Don't answer don't answer don't answer
And he does.
Zuko is so very good at completely misinterpreting the point.
So we can add thief to the list of things that make Azula awful. Also that delivery of "who's going to make me? Mom?" is chilling. Zuko's lost his only defender inside this atrocious family and she knows it, he knows it, hell the turtleducks probably know it.
His dying wish? You guys buying that?
Ozai. That's his name. I'd forgotten that.
So... something something dead firelord something something missing mom something something maybe Azula wasn't actually lying this time?
Final Thoughts
The title wasn't kidding. Let's rename the show 'Avatar: the Guy who's Really Bad at Capturing Him' while we're at it.
There is now no way whatsoever that Zuko is not going to be redeemed. No writing team would invest that much energy and a whole episode into a character we're not ultimately supposed to root for. So somehow he's going to end up joining the Gaang. Don't know how he'll pull that one off. He's done some pretty not great stuff. And it's not like the Gaang watched this episode and unlocked his tragic backstory.
Speaking of, what prompted these reflections? I could understand if Zuko started to contemplate his cousin and the events surrounding his loss in the war after he learned about the family's older brother, but he was having flashbacks before he even got to town. Usually when there are backstory bits, there's a good reason to show them at that time, like how the Storm prompts Aang to think about the last storm he was in, or seeing a boat from his father's fleet prompts Sokka to remember what his dad told him. So what caused Zuko's memories to give him situationally appropriate flashbacks?
Pretty funny that he found the Nice Earth Kingdom Family that Azula predicted for him. And they are really nice! Either Zuko is an open book or the parents' social intelligence is off the charts because they're giving him exactly what he needs to feel at ease after barely a single conversation.
Speaking of Azula, I'm not surprised to find that she's always had deeply awful tendencies, even as a child of (I'm guessing) less than ten. But it cannot be ignored that, from the moment her father took a liking to her (as a tool to boost his own greatness, if not as a person), she didn't stand a chance. You can tell by the number of times that the stuff coming out of her mouth is a thinly veiled repetition of her father's unfiltered opinions, that she's been spending lots of time listening to him, probably while he puts down her mom and brother and talks about how she's the special one. You know what I'm getting at. Azula never stood a chance once her father got involved, and her mom lost the ability to influence her once her father started giving Azula praise for objectively wrong behaviour. That being said, Azula is awful even when she doesn't need to be awful for her father's approval, like when she's with her friends, so it's not all her father's doing. She's not a good person but she also had plenty of help to become that.
I guess Zuko and his mom are Fire Nation anomalies? And maybe Iroh has become that since his son died and he lost the war?

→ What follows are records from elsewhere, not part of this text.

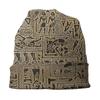 Hieroglyphische Symbole Motorhaube Ägyptische Mythologie Altes Ägypten Götter Atum Horus Osiris Skullies Beanies Caps Kreative Stoffhüte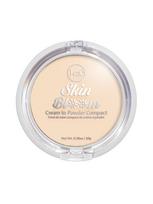 J.CAT Kreminė – kompaktinė pudra SKIN BLOOM CREAM TO POWDER COMPACT (101 IVORY), 7,5 g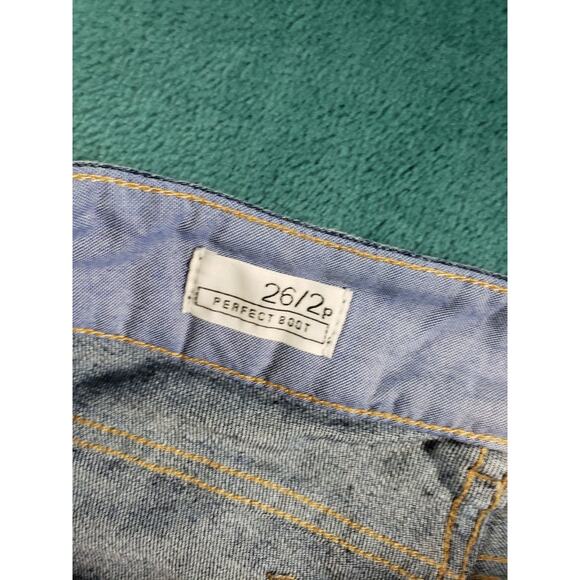 Gap Jeans Size 2 Petite Womens Blue Stretch Pants Denim Mid Rise Perfect Bootcut - Picture 3 of 13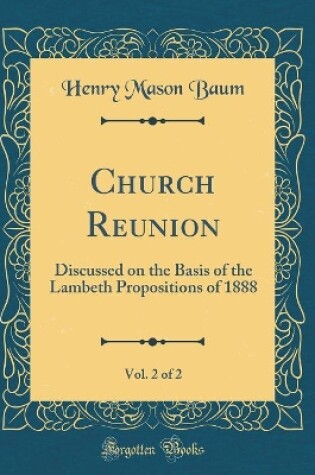 Cover of Church Reunion, Vol. 2 of 2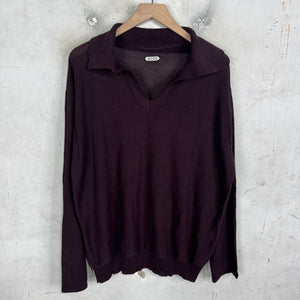 Bode Burgundy Pullover Sweater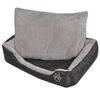 vidaXL Lit pour chiens avec coussin rembourr&eacute; Taille XL Noir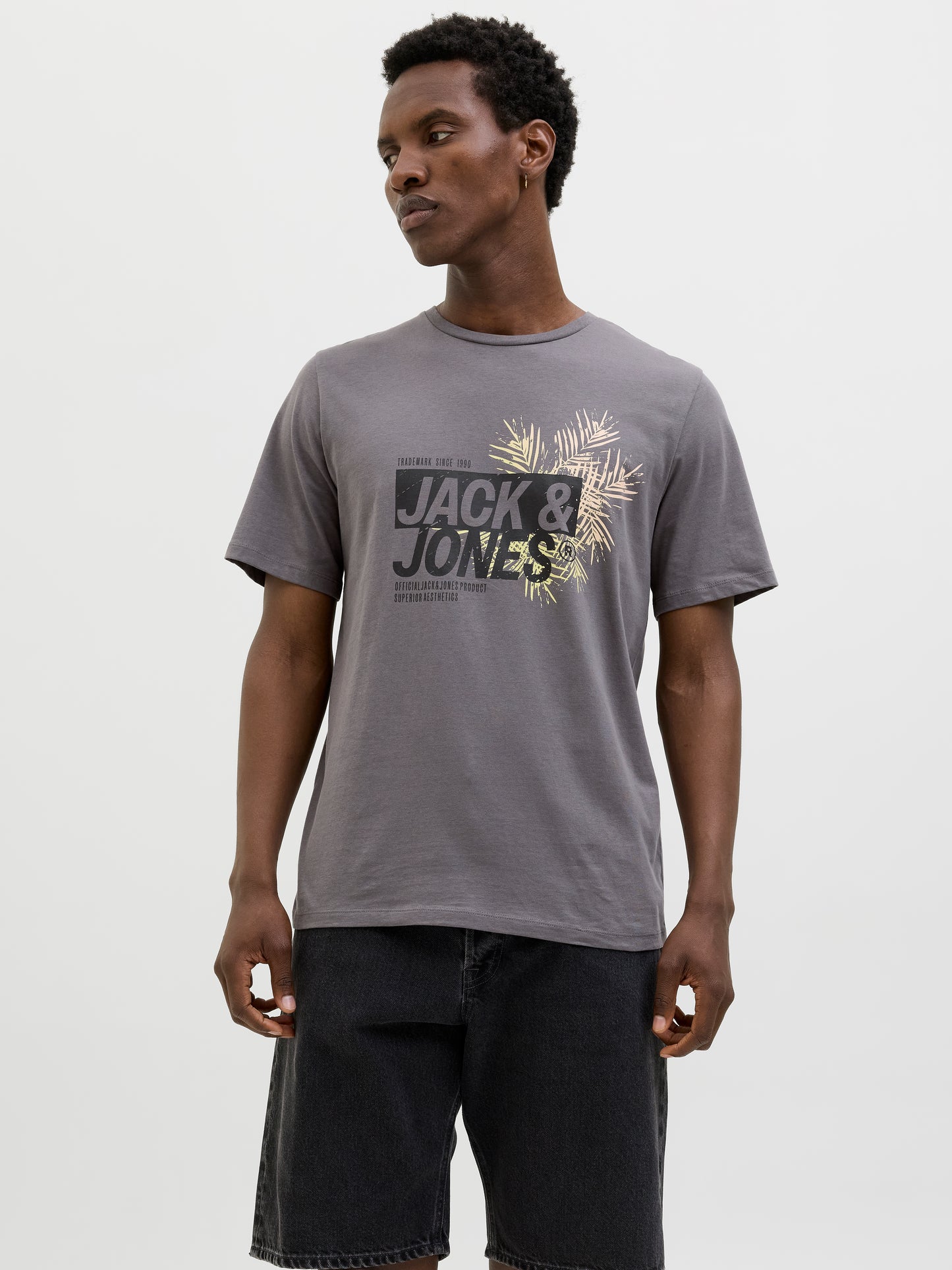 JJJAXON TEE SS CREW NECK LN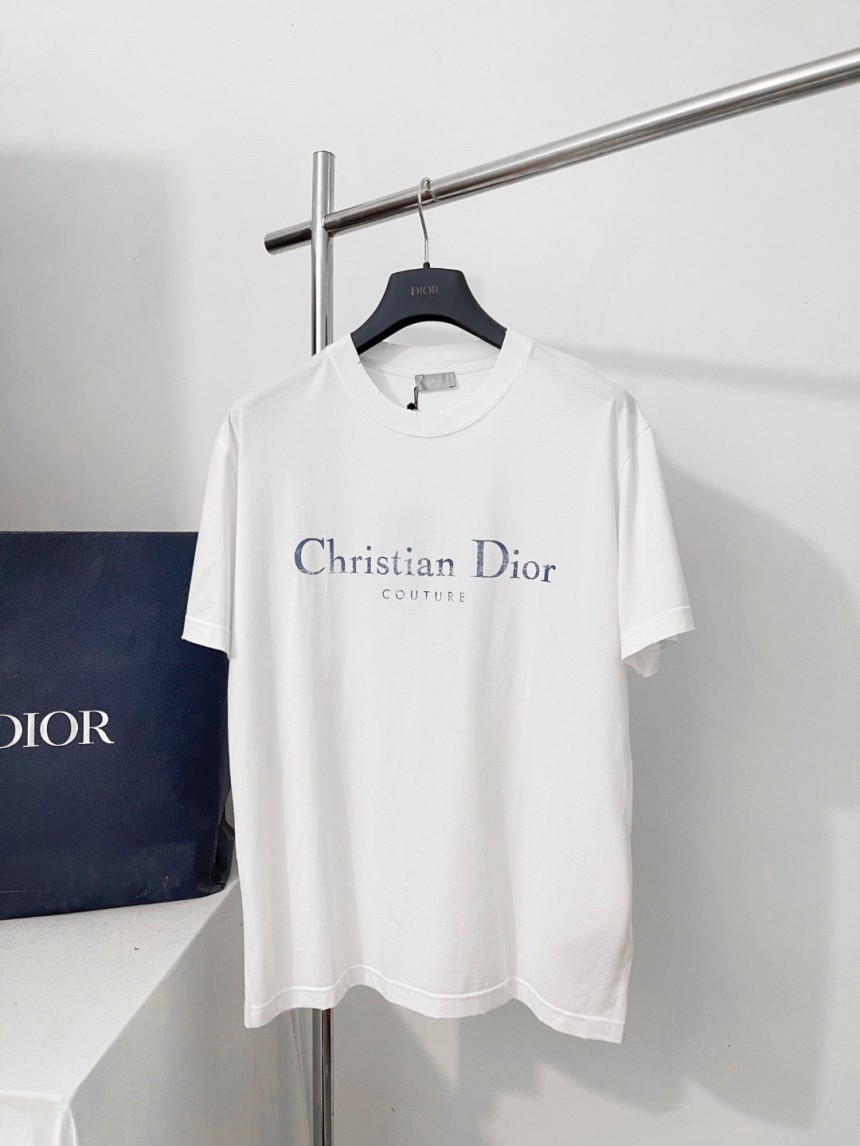 디올 꾸뛰르 반소매 티셔츠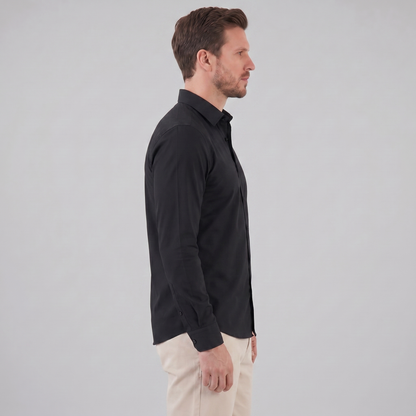 Men's Slim Fit Long Sleeve Shirt-8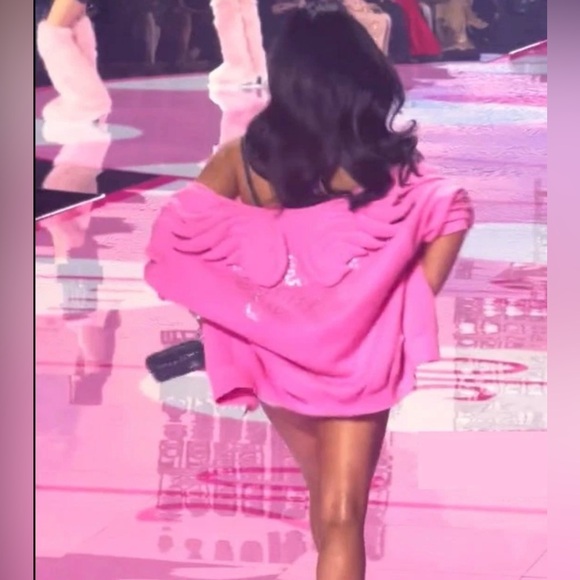 VS PINK LIMITED EDITION IVY FLEECE FULL ZIP HOODIE SLEIGH QUEEN BLING NWT HTF M - Picture 6 of 6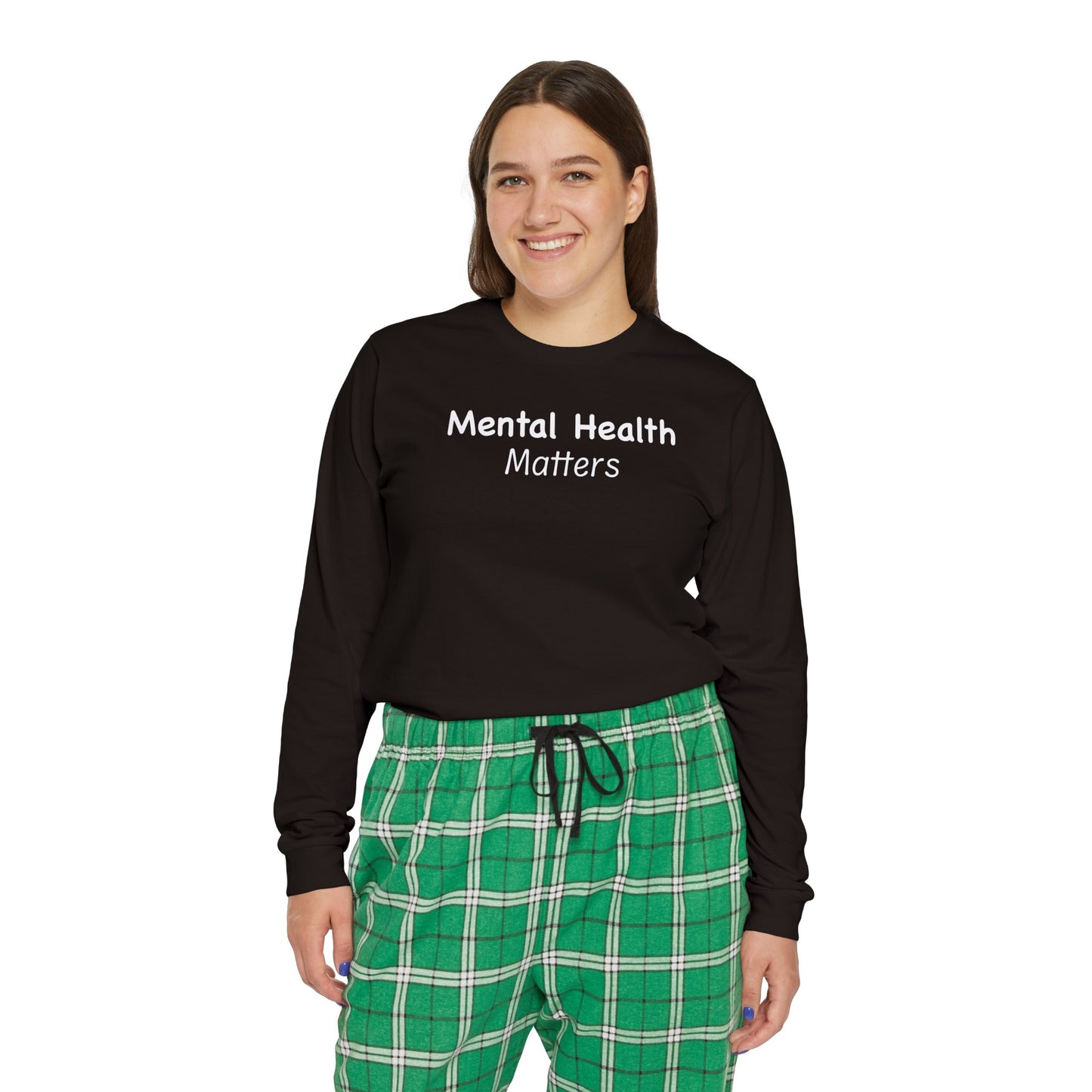 Mental Health Matters Women's Long Sleeve Pajama Set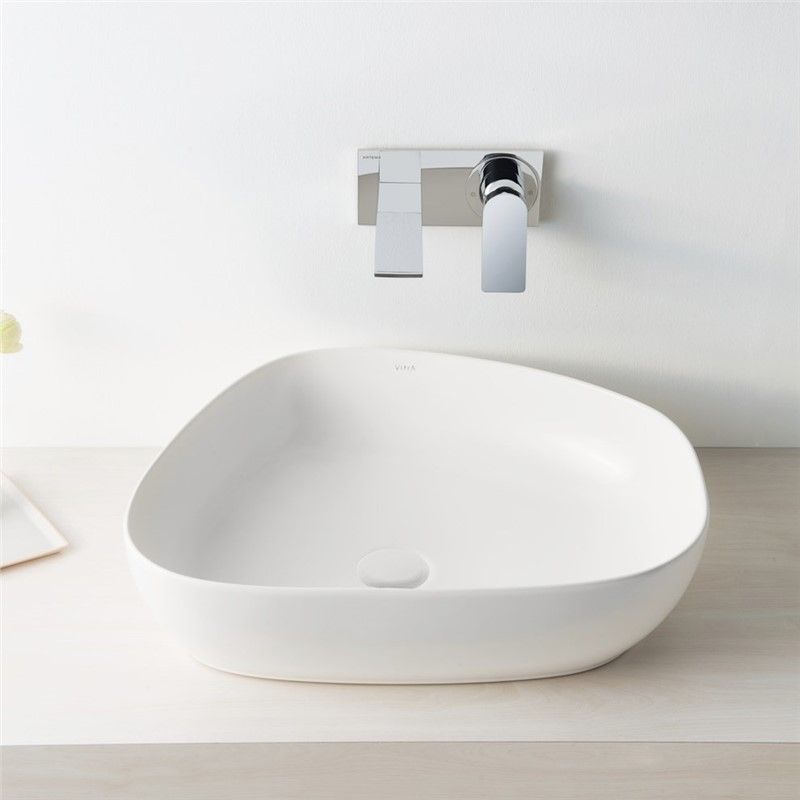 VitrA Outline Asymmetric Washbasin 56cm - White #337403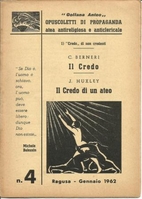 1) Credo di non credenti - C. Berneri: Il…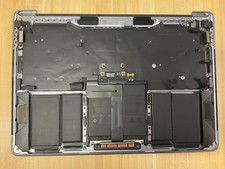 MacBook Pro 13" A2251 2020Topcase Keyboard Battery -no fan- Space Gray Grade C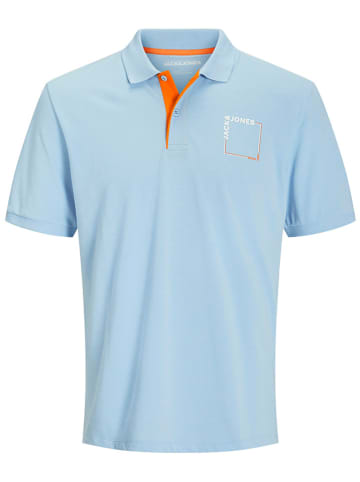 Jack & Jones Poloshirt in Hellblau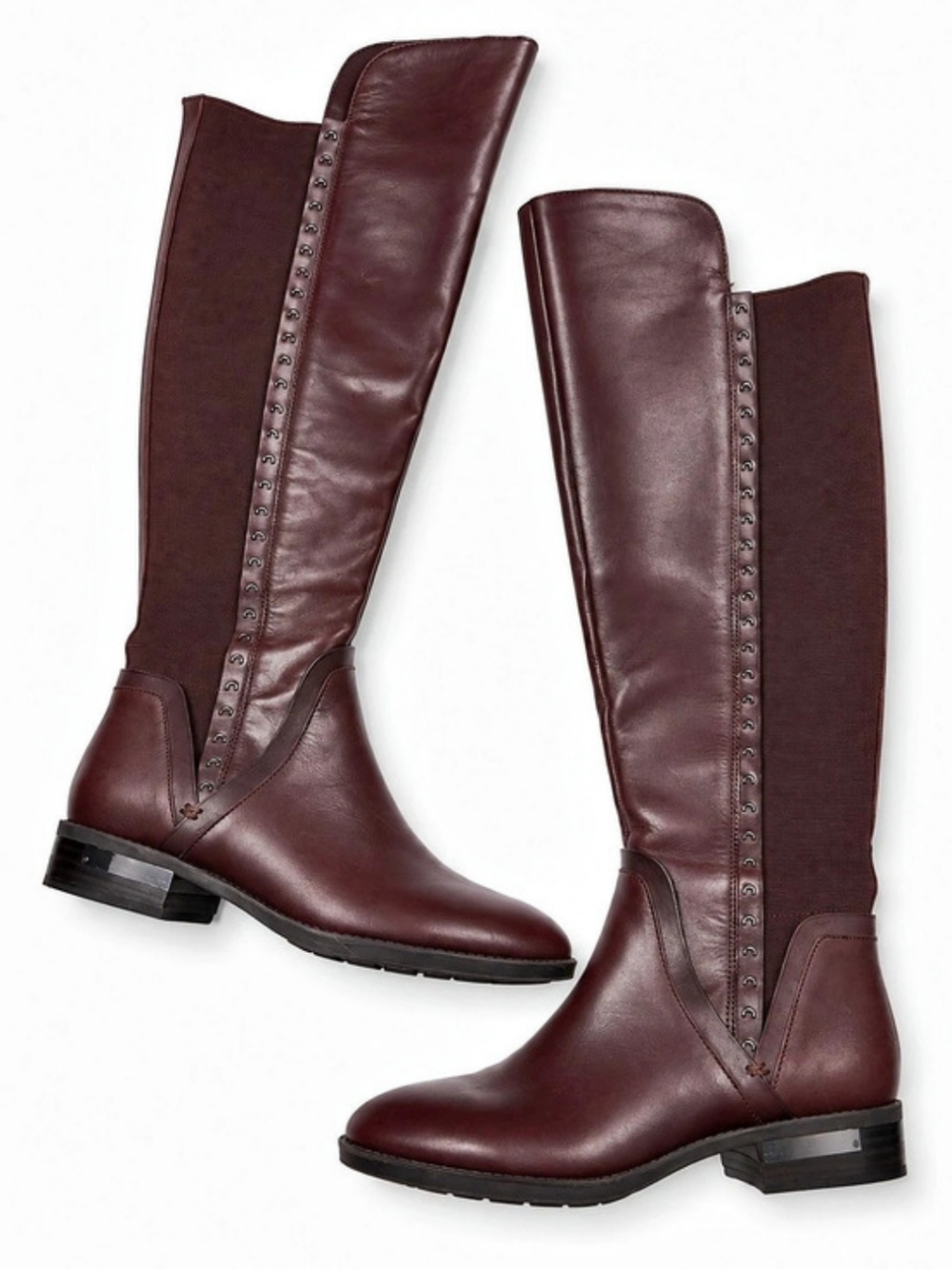 Vince Camuto Size 7.5 VC-Pardonal Leather Tall Heeled Boots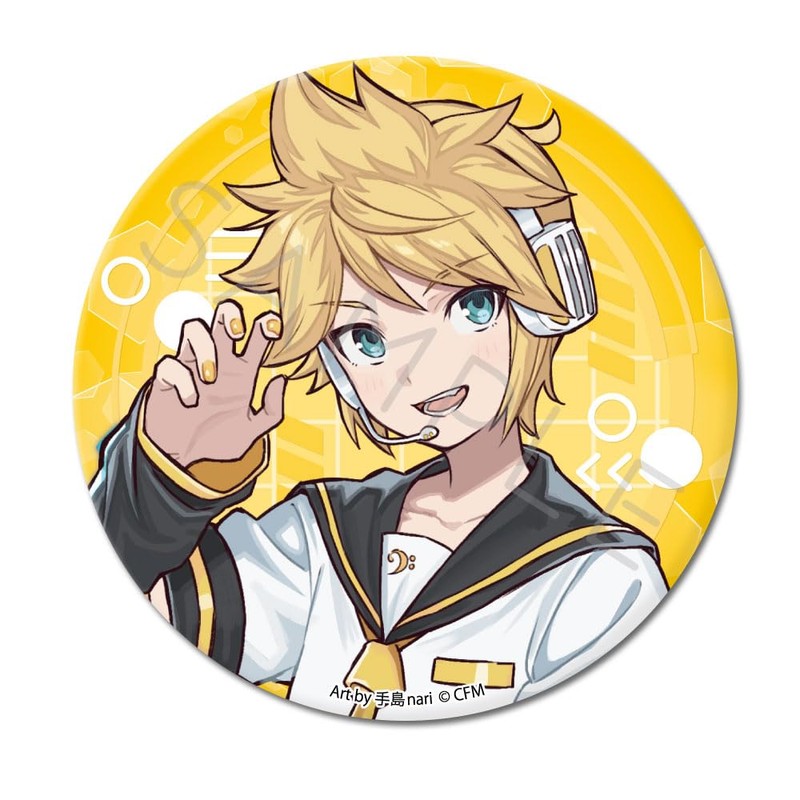 Hatsune Miku & Pear Pro Characters Round Can Badge 3.0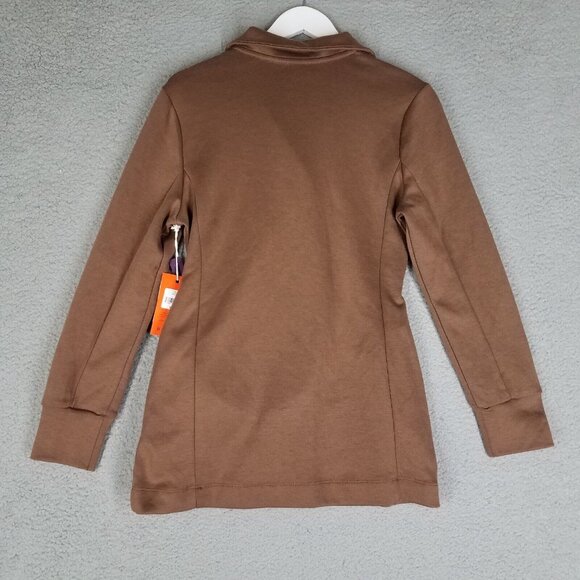 NEW Freely Transit Commuter Jacket Women's Small Belted Casual Travel Stretch - Picture 2 of 13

How on earth did Zuko survive as long as he did in the palace without his mom to protect him? What a no-win situation to be in. The only person in a whole nation with empathy.
This episode does makes Season 1 Zuko make more sense. He's been larping his dad as a defense mechanism for surviving the Fire Nation/probably a very futile effort to earn his approval. Although Zuko doesn't seem to care much for his dad if the tone he takes with him by the turtleduck pond is any indication.
Being banished was the best thing that ever happened to Zuko. The more distance between him and his remaining non-uncle family, the better. Between prioritizing his crew over capturing the avatar in the Storm, releasing the Avatar in the Blue Spirit, and now defending a random earth kingdom child this episode, it's hilarious how much Zuko HASN'T learned the lesson that Ozai banished him for not knowing. Don't get me wrong; that's a good thing. This episode plainly shows that behaviour that pleases Ozai is behaviour that should be unlearned as quickly as possible.
Zuko completely missing the point of his mom's last instruction is delightfully on the nose. But it also makes sense, which I may talk more about later.
How did Zuko hold on to his temper (and his volume) for a whole episode?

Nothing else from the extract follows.